### GOAL OF THE EXERCISE:
Copy the lines below verbatim. Begin with the first and end with the line containing "Boys 8-16 Big Wave Daz T-Shirt".

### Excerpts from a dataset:
★ ★ ★

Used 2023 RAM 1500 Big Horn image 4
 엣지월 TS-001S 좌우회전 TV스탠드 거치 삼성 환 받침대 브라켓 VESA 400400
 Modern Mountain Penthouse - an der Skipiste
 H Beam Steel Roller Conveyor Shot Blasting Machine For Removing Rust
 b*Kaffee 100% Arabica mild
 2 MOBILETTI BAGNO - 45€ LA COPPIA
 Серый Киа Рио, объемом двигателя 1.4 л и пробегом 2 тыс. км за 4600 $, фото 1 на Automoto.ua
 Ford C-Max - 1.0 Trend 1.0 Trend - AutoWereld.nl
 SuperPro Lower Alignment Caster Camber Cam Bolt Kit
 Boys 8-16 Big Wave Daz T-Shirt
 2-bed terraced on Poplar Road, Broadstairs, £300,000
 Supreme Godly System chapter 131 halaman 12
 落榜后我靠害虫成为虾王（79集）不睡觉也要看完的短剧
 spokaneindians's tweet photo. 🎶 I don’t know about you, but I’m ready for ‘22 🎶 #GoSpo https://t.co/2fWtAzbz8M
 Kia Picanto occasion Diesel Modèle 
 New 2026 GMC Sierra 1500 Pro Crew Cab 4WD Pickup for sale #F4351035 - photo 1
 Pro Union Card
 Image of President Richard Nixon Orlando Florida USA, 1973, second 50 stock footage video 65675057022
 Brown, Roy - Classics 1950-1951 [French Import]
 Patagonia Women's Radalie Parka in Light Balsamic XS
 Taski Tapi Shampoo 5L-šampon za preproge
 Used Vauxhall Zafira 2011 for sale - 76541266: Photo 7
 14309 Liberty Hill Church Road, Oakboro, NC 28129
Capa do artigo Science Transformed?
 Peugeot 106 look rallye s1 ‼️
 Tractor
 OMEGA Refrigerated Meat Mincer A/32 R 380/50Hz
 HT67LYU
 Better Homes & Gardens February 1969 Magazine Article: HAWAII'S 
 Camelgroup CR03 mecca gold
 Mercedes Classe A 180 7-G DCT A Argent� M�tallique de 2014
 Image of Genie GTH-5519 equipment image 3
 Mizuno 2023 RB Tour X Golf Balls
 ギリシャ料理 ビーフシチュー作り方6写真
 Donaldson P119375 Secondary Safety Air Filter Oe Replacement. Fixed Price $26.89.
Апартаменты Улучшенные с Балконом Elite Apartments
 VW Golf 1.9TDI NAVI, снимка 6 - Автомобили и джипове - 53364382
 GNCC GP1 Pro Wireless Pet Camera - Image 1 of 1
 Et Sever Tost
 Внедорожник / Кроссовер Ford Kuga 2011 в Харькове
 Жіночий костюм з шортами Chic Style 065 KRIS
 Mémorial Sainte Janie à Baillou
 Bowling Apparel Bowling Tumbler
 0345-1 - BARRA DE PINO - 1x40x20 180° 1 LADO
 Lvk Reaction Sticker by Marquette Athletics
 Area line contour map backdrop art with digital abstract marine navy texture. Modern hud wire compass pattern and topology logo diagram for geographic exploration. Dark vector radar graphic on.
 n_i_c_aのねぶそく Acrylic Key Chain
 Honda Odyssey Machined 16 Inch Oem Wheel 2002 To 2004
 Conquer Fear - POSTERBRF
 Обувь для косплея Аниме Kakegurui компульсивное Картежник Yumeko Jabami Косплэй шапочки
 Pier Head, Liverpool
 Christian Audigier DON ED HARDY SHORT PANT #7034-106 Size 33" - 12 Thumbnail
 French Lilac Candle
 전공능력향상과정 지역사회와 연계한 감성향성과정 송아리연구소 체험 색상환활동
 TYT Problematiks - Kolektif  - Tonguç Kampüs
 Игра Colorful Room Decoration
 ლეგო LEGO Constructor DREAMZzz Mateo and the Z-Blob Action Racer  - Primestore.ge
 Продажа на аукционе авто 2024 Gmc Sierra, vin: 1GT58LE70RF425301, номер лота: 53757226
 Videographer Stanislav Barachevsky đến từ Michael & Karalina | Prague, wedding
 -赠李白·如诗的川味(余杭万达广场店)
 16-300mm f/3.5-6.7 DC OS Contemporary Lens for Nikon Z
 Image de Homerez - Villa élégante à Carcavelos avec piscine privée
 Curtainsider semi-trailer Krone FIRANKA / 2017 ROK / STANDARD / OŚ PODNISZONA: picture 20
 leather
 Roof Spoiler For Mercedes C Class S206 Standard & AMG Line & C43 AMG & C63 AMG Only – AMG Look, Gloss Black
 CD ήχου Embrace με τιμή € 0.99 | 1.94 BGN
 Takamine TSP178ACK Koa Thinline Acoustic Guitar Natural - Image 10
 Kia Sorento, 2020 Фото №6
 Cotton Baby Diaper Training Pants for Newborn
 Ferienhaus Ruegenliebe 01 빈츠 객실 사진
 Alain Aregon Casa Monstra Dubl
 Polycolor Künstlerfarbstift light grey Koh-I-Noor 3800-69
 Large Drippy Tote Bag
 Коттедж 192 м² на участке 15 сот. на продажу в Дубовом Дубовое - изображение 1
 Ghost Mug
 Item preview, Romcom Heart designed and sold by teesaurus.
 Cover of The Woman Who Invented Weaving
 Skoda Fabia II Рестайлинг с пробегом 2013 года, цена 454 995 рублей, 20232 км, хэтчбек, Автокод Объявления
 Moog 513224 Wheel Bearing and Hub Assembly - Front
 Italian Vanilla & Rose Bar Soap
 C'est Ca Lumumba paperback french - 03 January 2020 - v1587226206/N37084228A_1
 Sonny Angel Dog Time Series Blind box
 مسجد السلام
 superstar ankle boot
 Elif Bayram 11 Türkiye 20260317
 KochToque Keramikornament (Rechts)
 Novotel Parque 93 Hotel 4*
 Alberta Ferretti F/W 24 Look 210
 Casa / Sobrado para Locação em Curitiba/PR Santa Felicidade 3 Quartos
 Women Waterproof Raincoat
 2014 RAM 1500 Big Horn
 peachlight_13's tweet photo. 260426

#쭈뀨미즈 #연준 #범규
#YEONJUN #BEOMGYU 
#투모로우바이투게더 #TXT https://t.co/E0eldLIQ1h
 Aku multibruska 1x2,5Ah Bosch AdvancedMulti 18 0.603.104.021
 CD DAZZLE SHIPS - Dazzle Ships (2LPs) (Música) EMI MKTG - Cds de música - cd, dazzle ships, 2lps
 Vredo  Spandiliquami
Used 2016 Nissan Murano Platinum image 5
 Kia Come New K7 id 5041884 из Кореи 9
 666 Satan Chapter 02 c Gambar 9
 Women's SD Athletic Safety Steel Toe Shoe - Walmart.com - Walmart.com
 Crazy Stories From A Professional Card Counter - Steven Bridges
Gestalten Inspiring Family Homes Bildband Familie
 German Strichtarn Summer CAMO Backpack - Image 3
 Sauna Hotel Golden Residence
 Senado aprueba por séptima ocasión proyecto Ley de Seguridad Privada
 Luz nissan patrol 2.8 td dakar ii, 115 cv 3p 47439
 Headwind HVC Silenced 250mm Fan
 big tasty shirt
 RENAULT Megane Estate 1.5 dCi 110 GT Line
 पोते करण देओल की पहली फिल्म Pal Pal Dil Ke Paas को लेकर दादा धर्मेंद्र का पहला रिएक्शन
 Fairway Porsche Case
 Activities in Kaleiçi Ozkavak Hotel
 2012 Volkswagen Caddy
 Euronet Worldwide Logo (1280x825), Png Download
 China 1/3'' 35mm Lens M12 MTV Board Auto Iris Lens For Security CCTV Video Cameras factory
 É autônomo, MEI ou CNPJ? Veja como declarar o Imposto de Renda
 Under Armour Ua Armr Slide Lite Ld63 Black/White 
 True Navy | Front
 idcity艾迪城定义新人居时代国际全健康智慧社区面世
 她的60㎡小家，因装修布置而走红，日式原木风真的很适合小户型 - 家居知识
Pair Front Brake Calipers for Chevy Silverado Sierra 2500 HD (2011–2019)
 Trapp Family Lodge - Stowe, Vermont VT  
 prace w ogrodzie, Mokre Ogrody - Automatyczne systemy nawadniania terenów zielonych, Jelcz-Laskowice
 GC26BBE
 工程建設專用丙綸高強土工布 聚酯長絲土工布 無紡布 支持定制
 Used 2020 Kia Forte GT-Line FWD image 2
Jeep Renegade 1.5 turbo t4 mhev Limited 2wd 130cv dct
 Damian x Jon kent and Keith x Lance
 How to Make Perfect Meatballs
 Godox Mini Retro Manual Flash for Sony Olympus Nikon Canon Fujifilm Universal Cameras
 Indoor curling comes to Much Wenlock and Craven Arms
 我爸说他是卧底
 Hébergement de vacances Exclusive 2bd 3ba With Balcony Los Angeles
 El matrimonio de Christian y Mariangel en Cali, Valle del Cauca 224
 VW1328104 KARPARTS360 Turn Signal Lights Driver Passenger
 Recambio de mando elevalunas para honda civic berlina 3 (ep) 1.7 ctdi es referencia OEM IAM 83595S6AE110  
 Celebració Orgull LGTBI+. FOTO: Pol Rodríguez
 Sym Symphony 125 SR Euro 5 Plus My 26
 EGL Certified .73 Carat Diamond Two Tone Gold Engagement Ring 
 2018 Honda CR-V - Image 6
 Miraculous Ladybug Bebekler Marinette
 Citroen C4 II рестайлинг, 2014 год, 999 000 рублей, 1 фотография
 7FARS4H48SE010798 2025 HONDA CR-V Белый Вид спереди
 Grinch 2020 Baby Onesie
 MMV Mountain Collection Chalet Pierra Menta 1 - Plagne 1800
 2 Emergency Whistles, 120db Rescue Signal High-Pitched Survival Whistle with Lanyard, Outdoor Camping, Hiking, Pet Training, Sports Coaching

★ ★ ★

### ANSWER BELOW:
Used 2023 RAM 1500 Big Horn image 4
 엣지월 TS-001S 좌우회전 TV스탠드 거치 삼성 환 받침대 브라켓 VESA 400400
 Modern Mountain Penthouse - an der Skipiste
 H Beam Steel Roller Conveyor Shot Blasting Machine For Removing Rust
 b*Kaffee 100% Arabica mild
 2 MOBILETTI BAGNO - 45€ LA COPPIA
 Серый Киа Рио, объемом двигателя 1.4 л и пробегом 2 тыс. км за 4600 $, фото 1 на Automoto.ua
 Ford C-Max - 1.0 Trend 1.0 Trend - AutoWereld.nl
 SuperPro Lower Alignment Caster Camber Cam Bolt Kit
 Boys 8-16 Big Wave Daz T-Shirt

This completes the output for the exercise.